The Daily WTF: Curious Perversions in Information Technology

2018-08-28 Reply Admin

\frist!\

2018-08-28 Reply Admin

regex with 42 lookaheads can parse answer to life, the universe and everything

2018-08-28 Reply Admin

Um, (?:...) is just a non-capturing group. (?=...) is a lookahead assertion.

Non-capturing groups are generally a good idea in regexex, since capturing groups need to allocate and copy the captured strings.

2018-08-28 Reply Admin

Then when some company threatens to sue due to trademark infringement, P's peer will take it down, 75% of the web will automatically update their dependencies for some reason, and the npm people will have to put it back so everything doesn't break.

TRWTF is npm and almost everything about it, especially its users. The number of dependencies that are installed (400 subfolders for one project in particular) the few times I've run npm install is astounding.

2018-08-28 Reply Admin

This is why we can't have nice things anymore, such as URLS for ftp : ftp://mysite....

2018-08-28 Reply Admin

And now tell me how this expression makes sure that the URL is valid in the way that a fetch succeeds with 100% accuracy.

2018-08-28 Reply Admin

Just decided to have a look through those 400 folders; there's some quality stuff.
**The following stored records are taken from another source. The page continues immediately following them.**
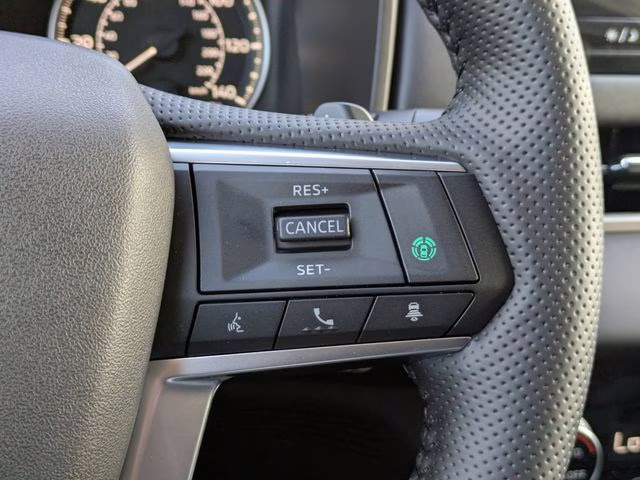 2026 Moonstone Gray Metallic Mitsubishi Outlander SE FWD SUV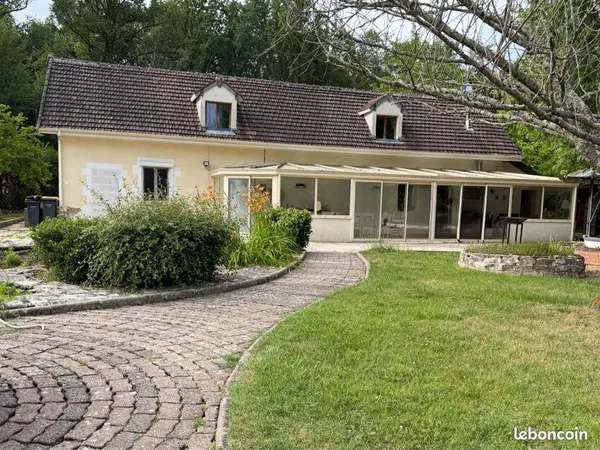 Maison à vendre 107m2 + 2ha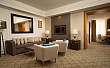 DoubleTree by Hilton Hotel Kazan City Center - Люкс с 1 спальней и балконом с кроватью размера "king-size" - Гостиная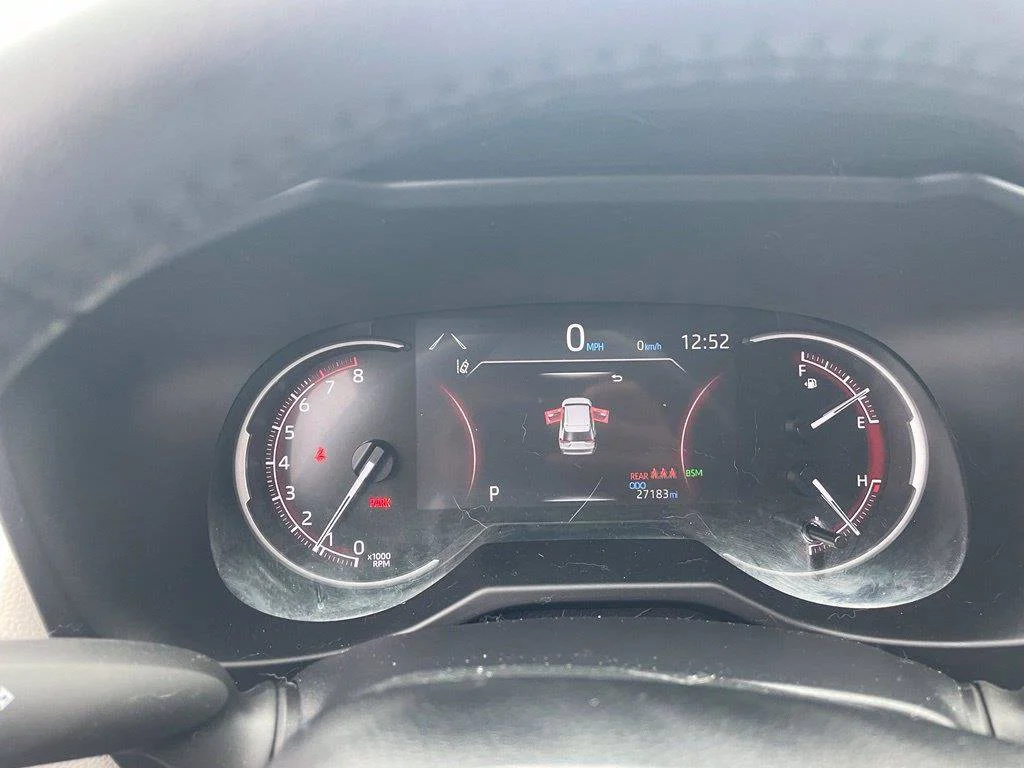 Used 2023 Lunar Toyota XLE image 3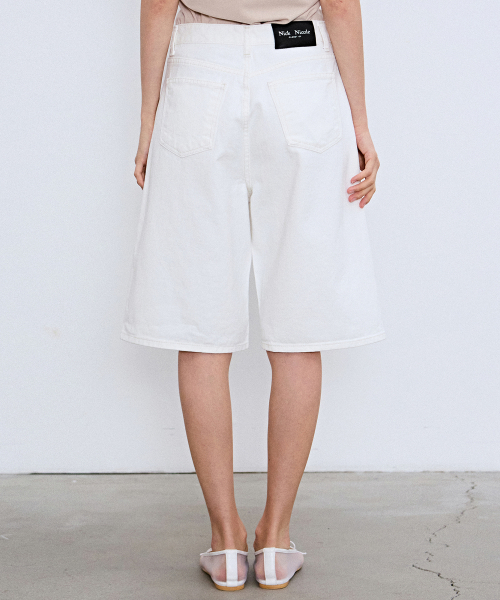 NICK&NICOLE(ニックアンドニコール)の「DENIM BERMUDA PANTS_IVORY(デニムパンツ・レディース・その他・MEDIUM/LARGE/SMALL)」の4枚目の写真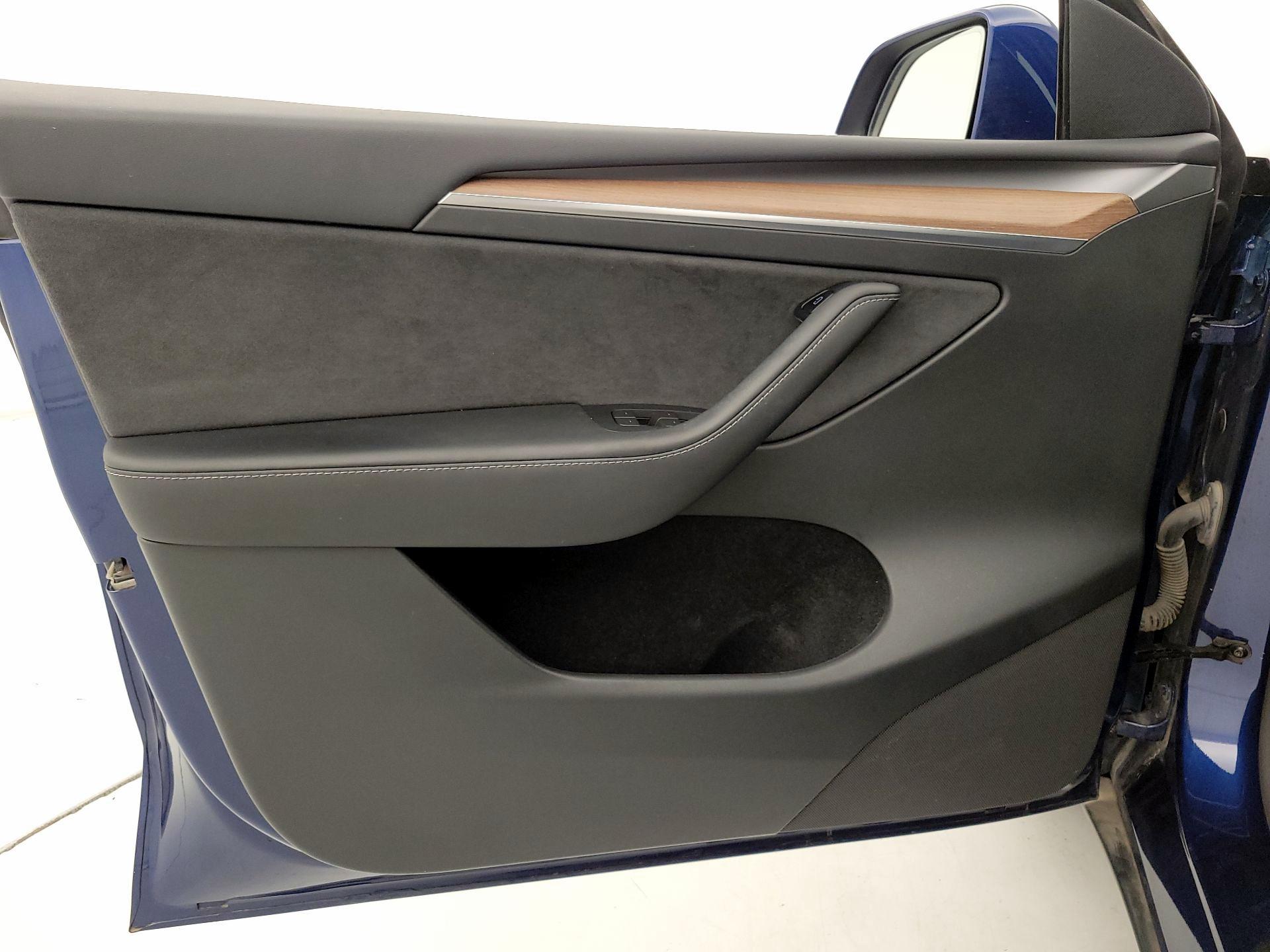 Thumbnail: 2023 Tesla Model Y - 12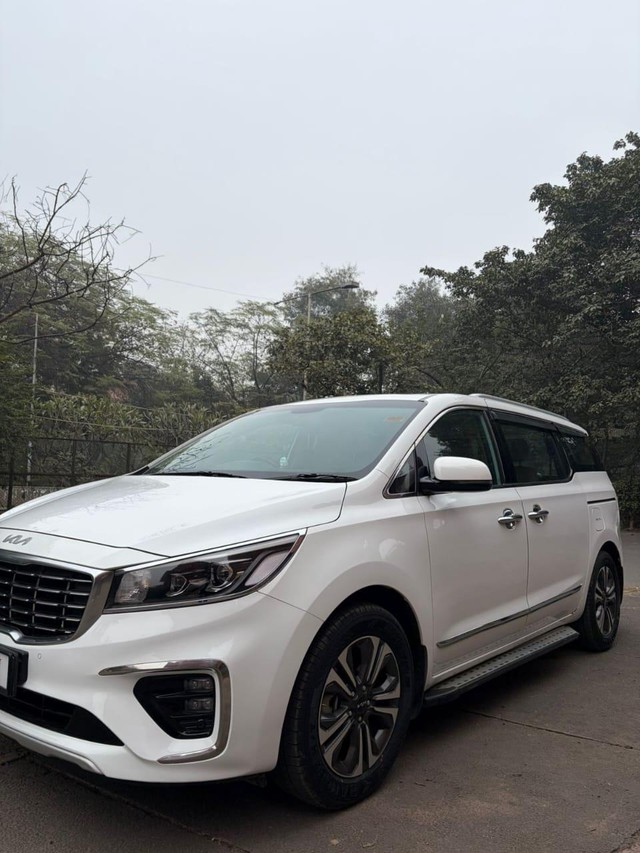 Second-hand 2023 Kia Carnival Limousine Plus for sale in New Delhi-2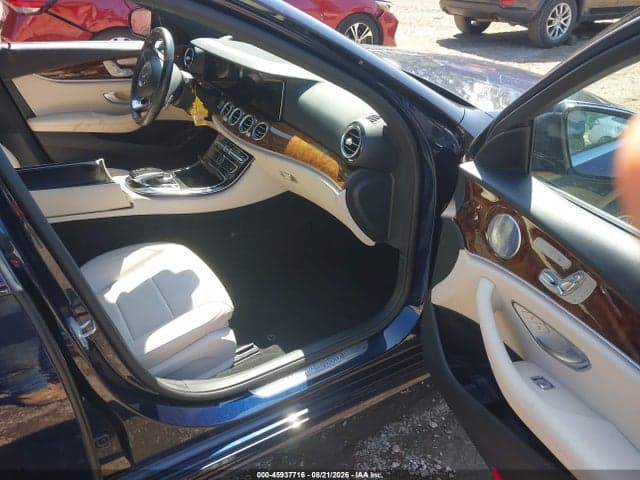 2017 MERCEDES-BENZ E 300 4MATIC 5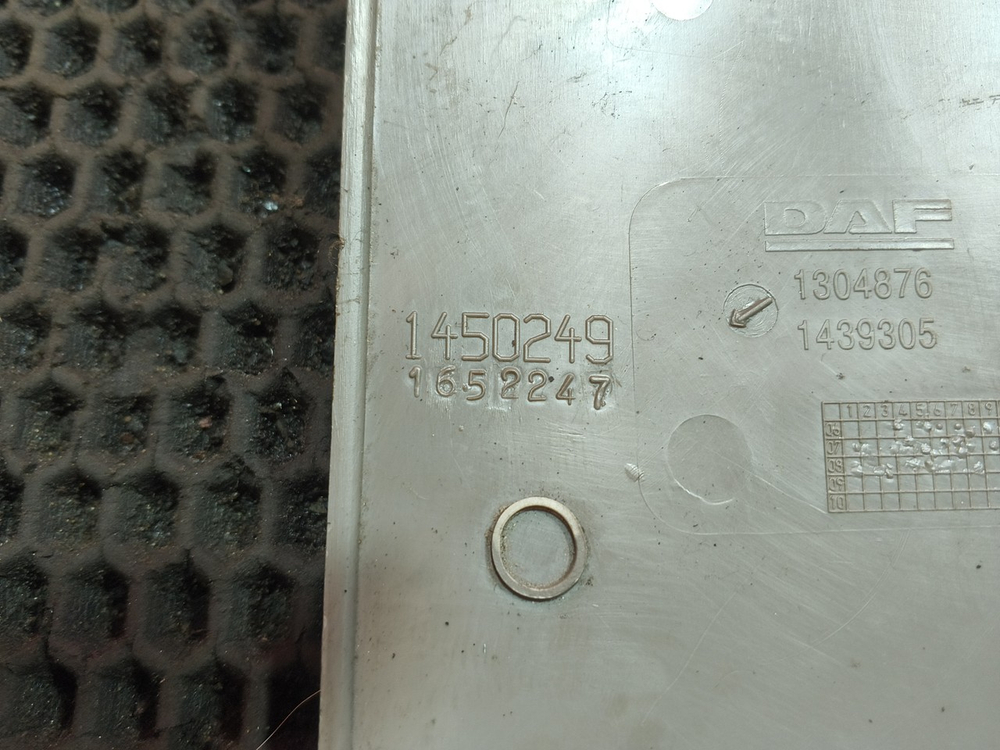 Накладка на торпедо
assert-plus: This library is a super small wrapper over node's assert module beeper: Make your terminal beep caseless: wrap an object to set and get property with caseless semantics but also preserve caseing. decamelze: Convert a camelized string into a lowercased one with a custom separator detect-newline: Detect the dominant newline character of a string getpass: Get a password from the terminal. isarray: Array#isArray for older browsers. jsonify: This module provides Douglas Crockford's JSON implementation without modifying any globals. once: Only call a function once. randomatic: Generate randomized strings of a specified length, fast. slash: Convert Windows backslash paths to slash paths

I could do this all day. And of course each of these has its own README, LICENSE, package.json and even test cases in some instances. WTF? These people almost make me ashamed to say I write JavaScript.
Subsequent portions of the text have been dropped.